■ Data shown:
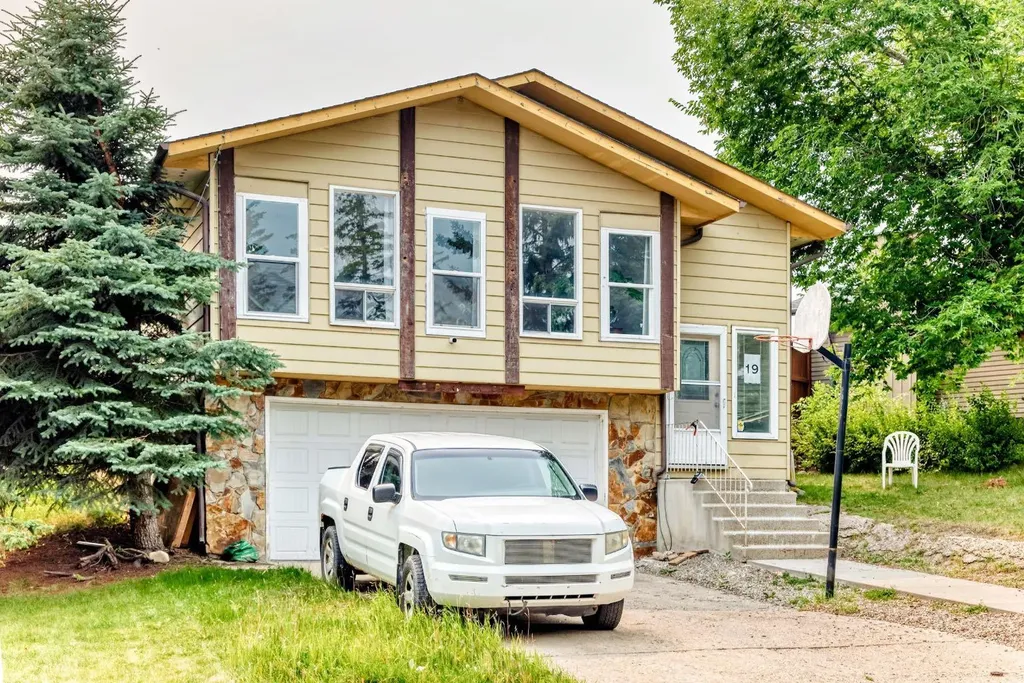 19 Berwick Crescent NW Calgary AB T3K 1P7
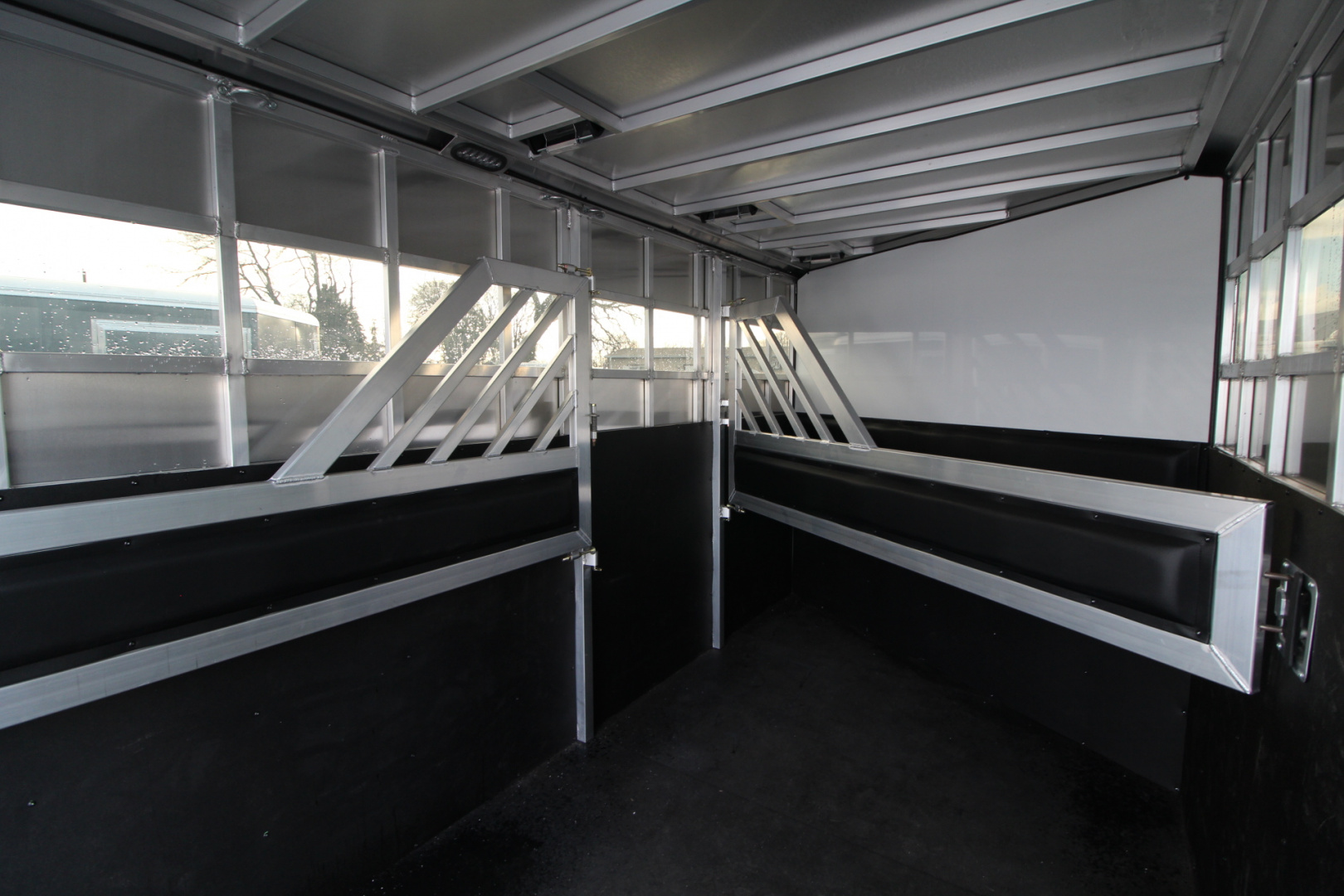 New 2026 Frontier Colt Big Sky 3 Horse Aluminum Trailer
...
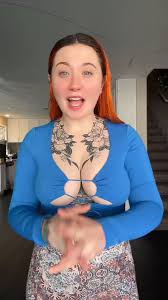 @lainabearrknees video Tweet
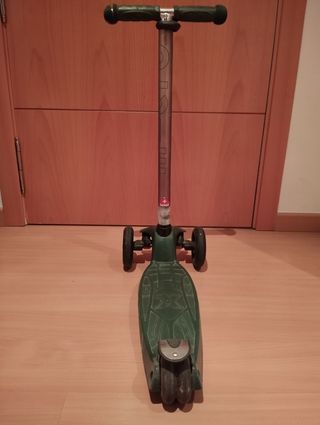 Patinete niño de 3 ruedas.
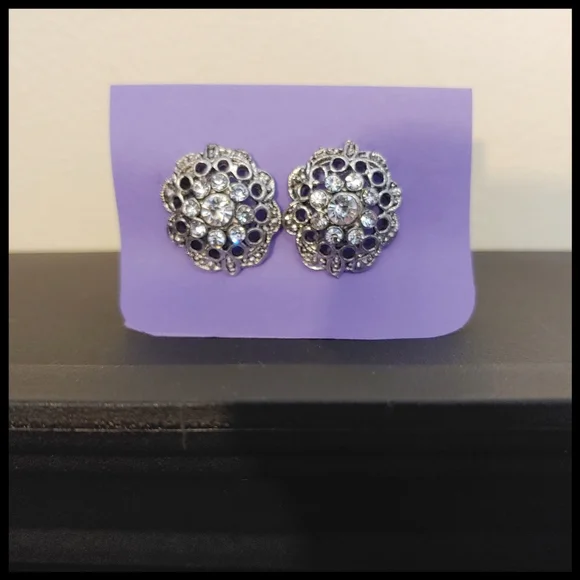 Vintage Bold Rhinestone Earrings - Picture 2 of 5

■ What to work on:
Of all the material above, only the lines from the one that has "Patinete niño de 3 ruedas." down to the one that has "Vintage Bold Rhinestone" are to be written out, exactly and with both ends included. Pictures are skipped.

■ Solution to the problem:
 Patinete niño de 3 ruedas.
 Vintage Bold Rhinestone Earrings - Picture 2 of 5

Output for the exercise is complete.